--- Activity ---
In the entries that follow, the lines from the line containing "Vintage Pillowcase I" up to and including the line containing "Tuin poster Kaart" must be copied exactly, with pictures omitted.

--- Supplied information ---
========

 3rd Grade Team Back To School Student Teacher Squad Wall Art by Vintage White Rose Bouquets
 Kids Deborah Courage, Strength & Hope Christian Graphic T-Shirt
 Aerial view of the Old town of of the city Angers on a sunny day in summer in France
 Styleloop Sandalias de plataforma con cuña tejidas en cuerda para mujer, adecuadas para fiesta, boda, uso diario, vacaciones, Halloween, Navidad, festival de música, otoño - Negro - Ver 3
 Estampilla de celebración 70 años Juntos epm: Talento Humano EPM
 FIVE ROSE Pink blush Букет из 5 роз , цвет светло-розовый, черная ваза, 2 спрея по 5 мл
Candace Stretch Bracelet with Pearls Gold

========

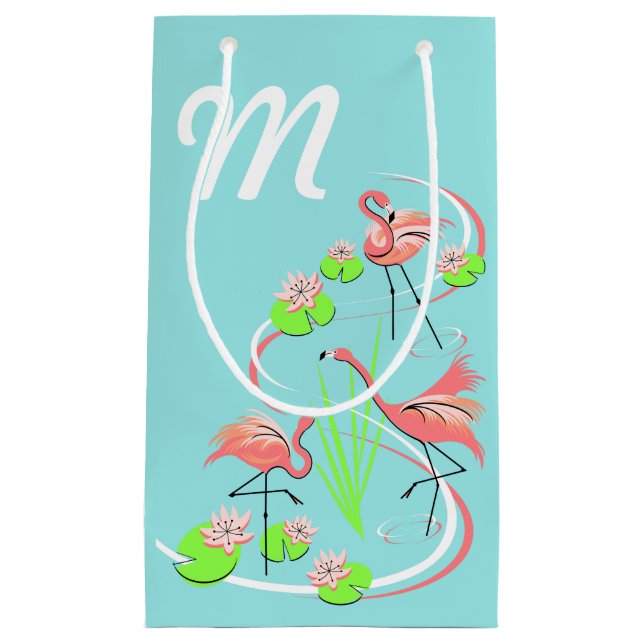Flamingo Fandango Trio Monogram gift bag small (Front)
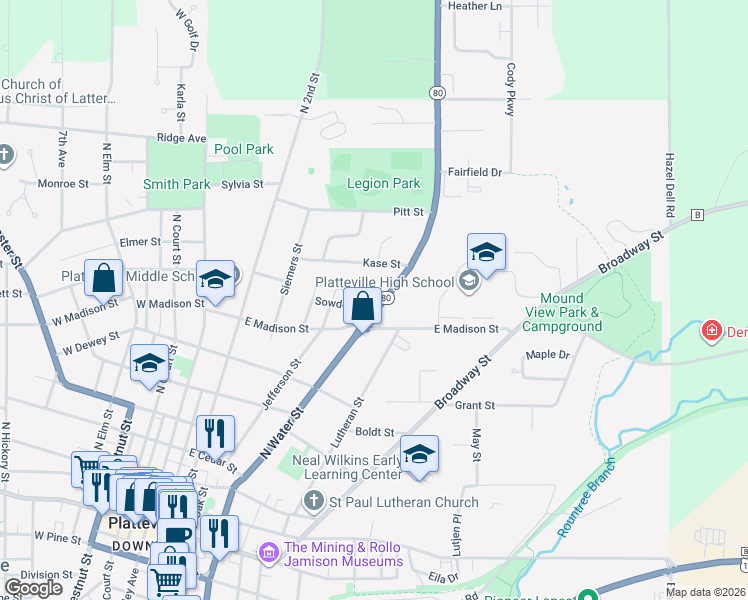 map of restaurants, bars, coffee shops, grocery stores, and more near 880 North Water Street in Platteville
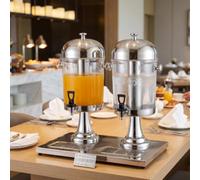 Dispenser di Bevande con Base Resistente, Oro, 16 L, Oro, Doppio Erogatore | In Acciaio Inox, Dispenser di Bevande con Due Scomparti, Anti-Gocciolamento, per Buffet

========

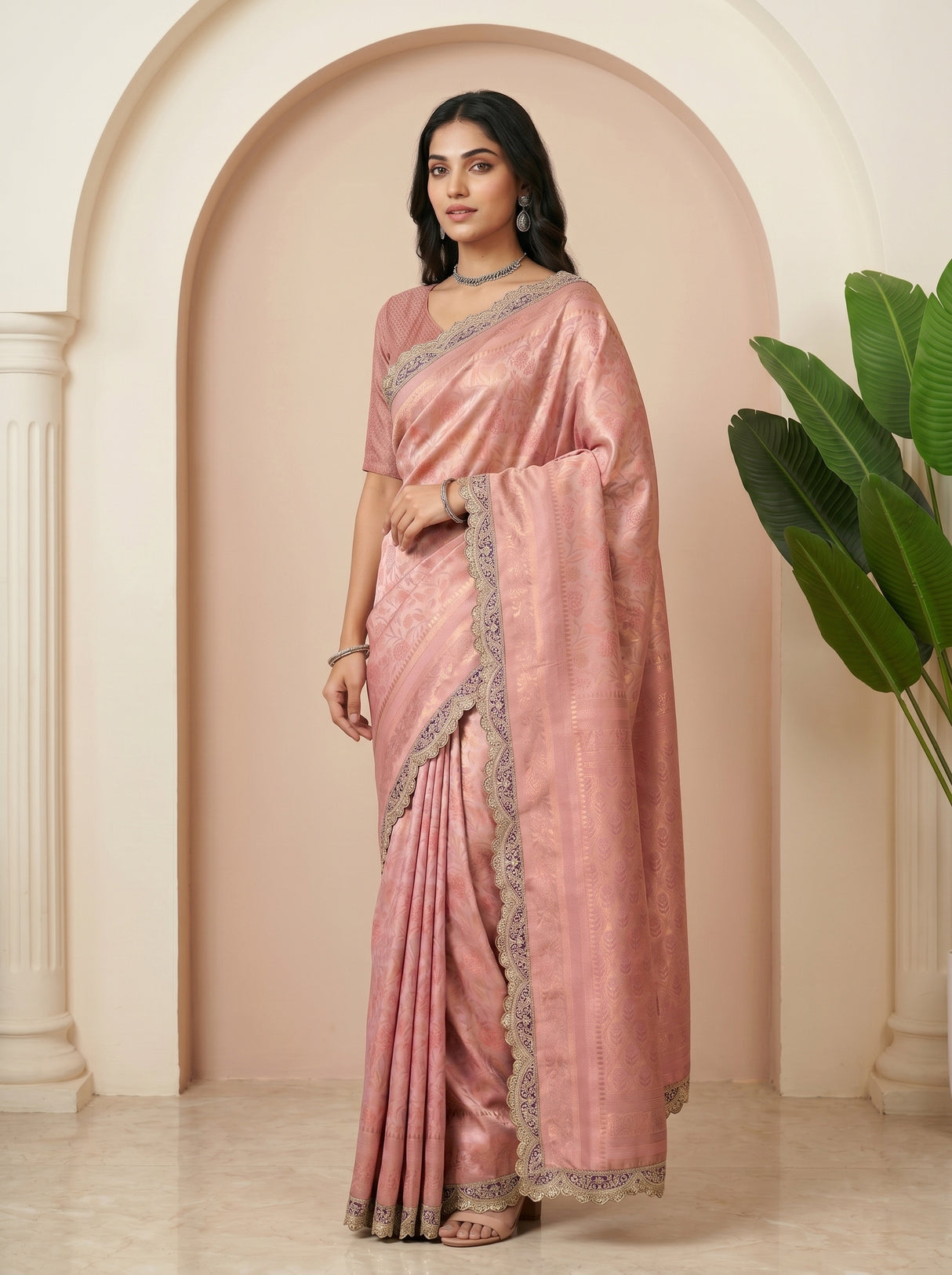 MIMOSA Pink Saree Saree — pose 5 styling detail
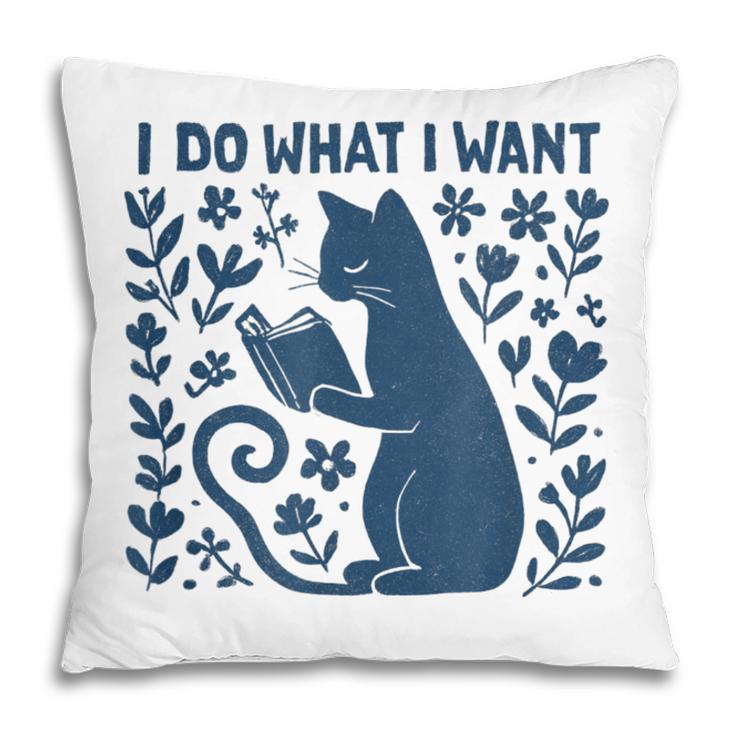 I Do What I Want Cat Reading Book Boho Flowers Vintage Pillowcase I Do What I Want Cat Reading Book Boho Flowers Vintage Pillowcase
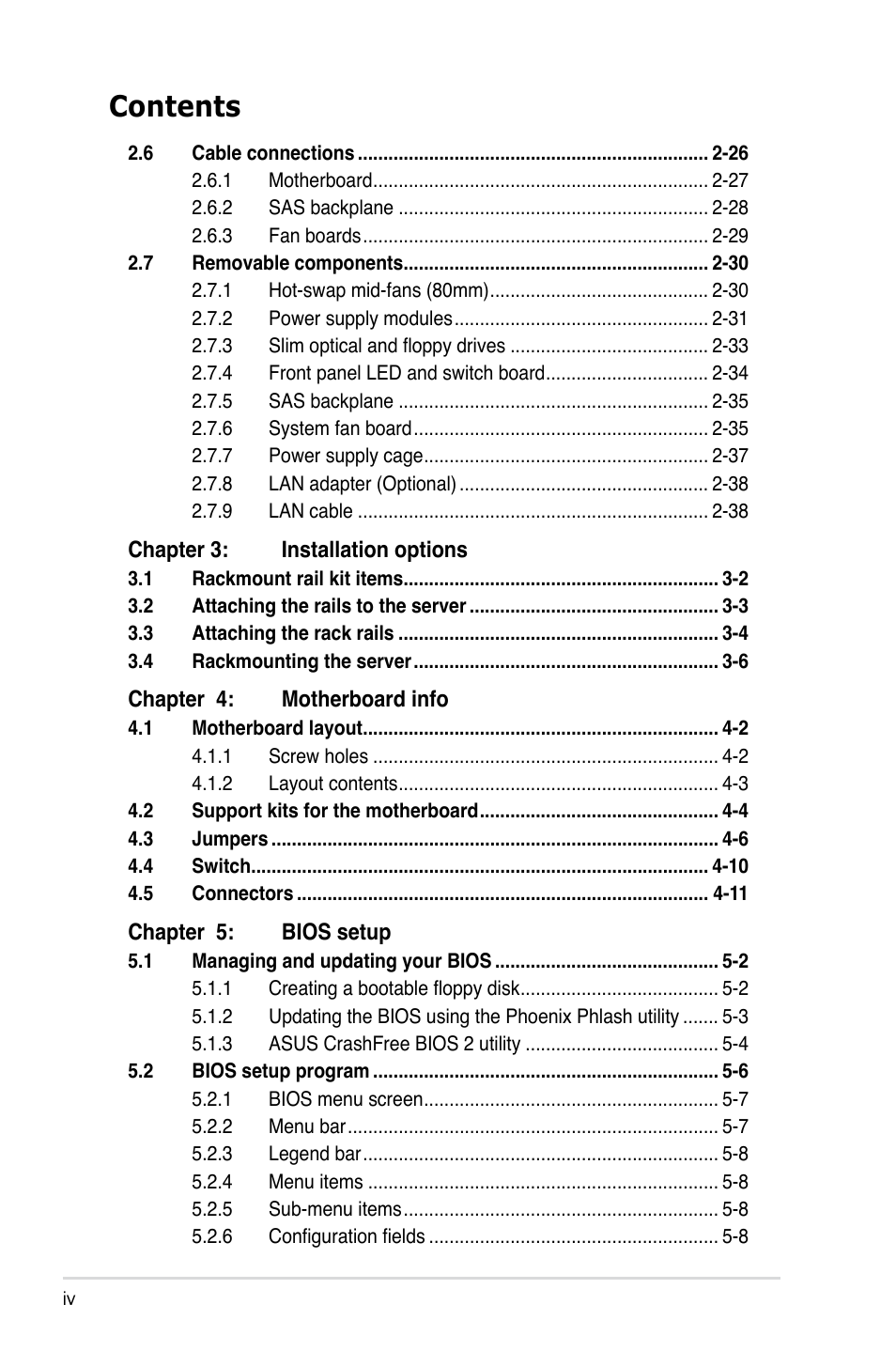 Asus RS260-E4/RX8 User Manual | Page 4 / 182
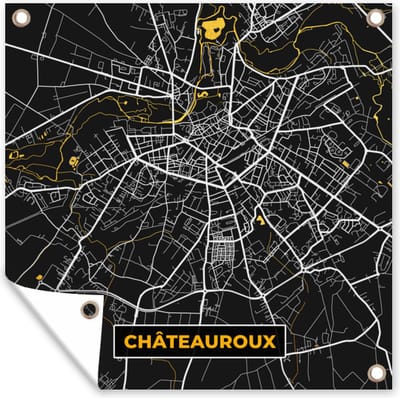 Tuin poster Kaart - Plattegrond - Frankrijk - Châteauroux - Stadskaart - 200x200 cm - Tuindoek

========

--- Solution for this task ---
 I Do What I Want Cat Reading Book Boho Flowers Vintage Pillowcase I Do What I Want Cat Reading Book Boho Flowers Vintage Pillowcase
 Asus RS260-E4/RX8 User Manual | Page 4 / 182
 Tuin poster Kaart - Plattegrond - Frankrijk - Châteauroux - Stadskaart - 200x200 cm - Tuindoek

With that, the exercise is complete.